Chico concluiu o primário em 1923, após repetir a quarta série. A repetência não foi provocada por falta de estudo, mas de saúde. O menino enfrentava problemas respiratórios.

Seu pulmão sofria com a poeira do algodão na fábrica de tecidos. A professora se apegou tanto a ele que, quando foi transferida para Belo Horizonte, pediu a João Cândido para levar o garoto com ela. O pai não autorizou. Precisava do salário de Chico.

No ano seguinte, por recomendação médica, o garoto trocou a tecelagem pelo Bar do Dove, de Claudomiro Rocha. Varria o chão, lavava a louça, cozinhava e continuava mal-assombrado. Quando já tinha quinze anos, pediu socorro ao padre Scarzello.

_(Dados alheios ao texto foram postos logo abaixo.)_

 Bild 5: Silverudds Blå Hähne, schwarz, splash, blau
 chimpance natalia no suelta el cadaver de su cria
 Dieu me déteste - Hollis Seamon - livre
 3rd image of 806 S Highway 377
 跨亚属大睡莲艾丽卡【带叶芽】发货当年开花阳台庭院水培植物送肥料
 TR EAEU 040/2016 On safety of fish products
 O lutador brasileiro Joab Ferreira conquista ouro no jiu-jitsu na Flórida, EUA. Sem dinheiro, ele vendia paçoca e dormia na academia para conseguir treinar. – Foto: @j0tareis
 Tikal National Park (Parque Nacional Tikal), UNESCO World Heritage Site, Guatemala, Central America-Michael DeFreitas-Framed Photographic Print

Em meio a uma crise de choro, Chico se queixou do assédio incessante de um espírito sofredor.

O padre, impressionado com a devoção do rapaz a Jesus, lhe disse para não se desesperar com as vozes e visões.

Se elas vieram da parte de Deus, ele irá te abençoar e te dar forças para fazer o que deve ser feito.

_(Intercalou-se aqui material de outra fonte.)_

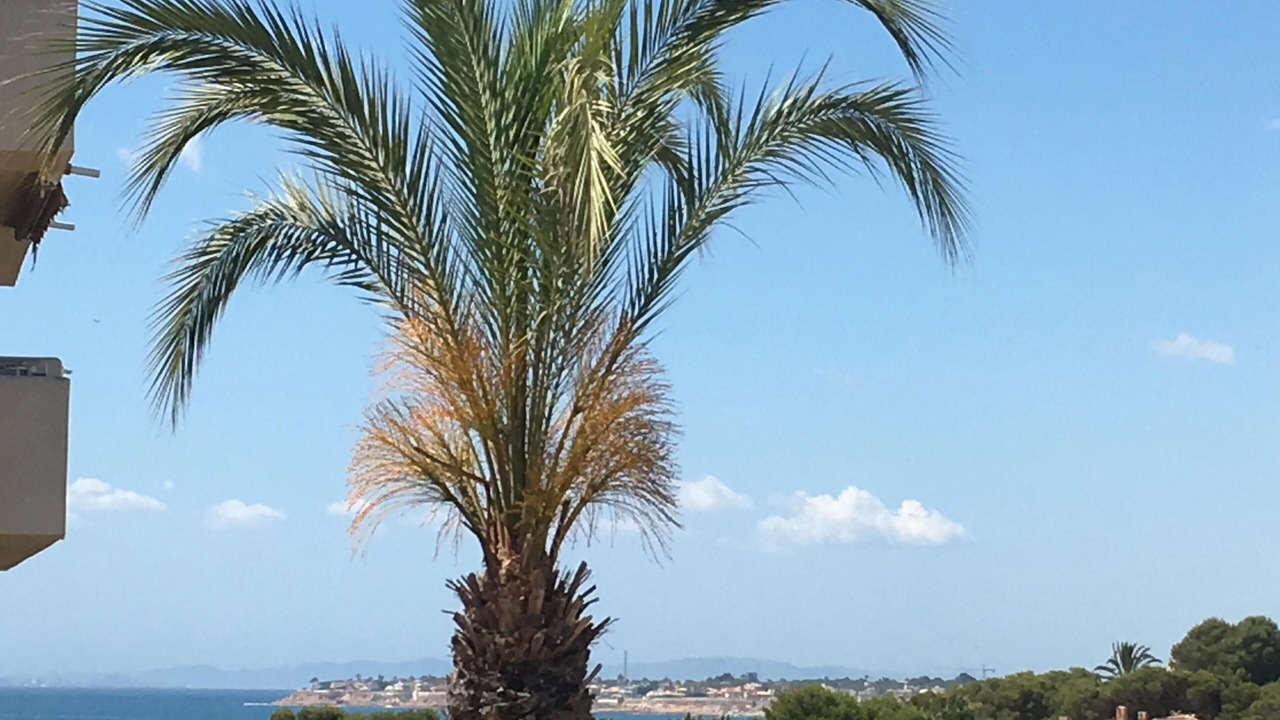 Photo of Others in Punta Prima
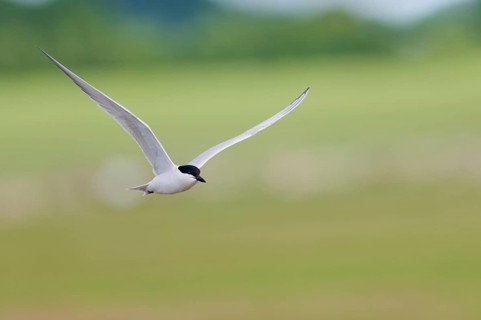 Gull-billed tern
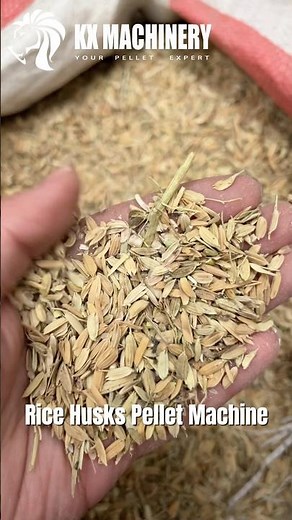 Rice Husks Pellet Machine Biomass Pellet Mill #pelletmachine #pelletmill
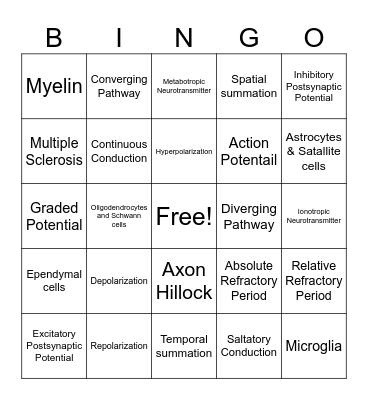 Nerve Physiology Bingo Card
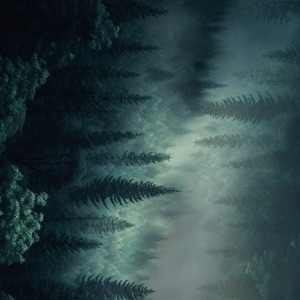 The Sycamore Trail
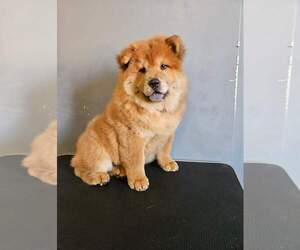 Chow Chow Puppy for Sale in NORTH HILLS, California USA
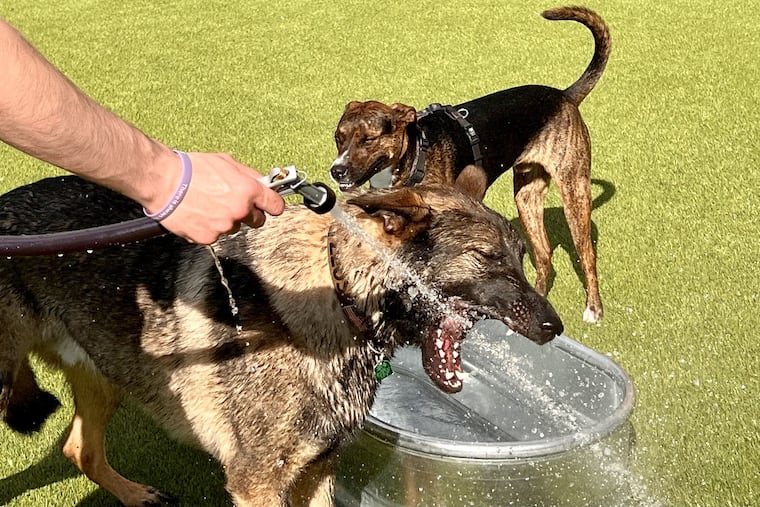 Dogs enjoy some hose-spray play from a "bark ranger" at Bark Social's Philadelphia location on its opening day, April 17, 2023.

Após o discurso, saiu com o garoto da igreja e lhe comprou um par de sapatos. Chico deixou de andar descalço.

O salário do Bar do Dove era miserável e, depois de dois anos de dificuldades, o garoto se mudou para o armazém de José Felizardo Sobrinho, o ex marido de Rita de Cássia, já morta e substituída por Júlia Antônia de Carvalho. Com um facão afiado na mão, o garoto estava sempre pronto a cortar toucinho para o freguês e ficava feliz da vida quando o patrão vendia fiado. Atrás do balcão, pesava o arroz, cortava a lingüiça, arrumava as prateleiras. Atendia a todos, paciente, das 6h30 da manhã às 8h da noite. No final do mês, recebia 13 mil réis. Uma ninharia. Mas não reclamava. Seu único drama era vender cachaça. O sujeito bebia e Chico tinha que carregar.

Nessa época, ele fez amizade com a nova mulher de Felizardo. Bordava com ela e ensaiava, a seu lado, pinceladas sobre panos presos a arcos de madeira.

Namoradas?

Nenhuma. Só se permitia arroubos apaixonados por encomenda, quando, a pedido dos amigos, escrevia cartas de amor às namoradas deles. O rapaz era esquisito mesmo.

Comungava, confessava, ia à missa, acompanhava procissões e trabalhava muito.

Além do normal.

Em 1927, uma das irmãs de Chico, Maria Xavier, ficou doente. Delirava, arregalava os olhos, se contorcia, suava frio, urrava impropérios.

Médico nenhum deu jeito. A situação era tão dramática que João Cândido decidiu passar por cima do padre e apelar para um casal de amigos espíritas. Foi até a Fazenda de Maquiné, em Curvelo, a cem quilômetros de Pedro Leopoldo, e voltou de lá com José Hermínio Perácio e sua mulher Carmem.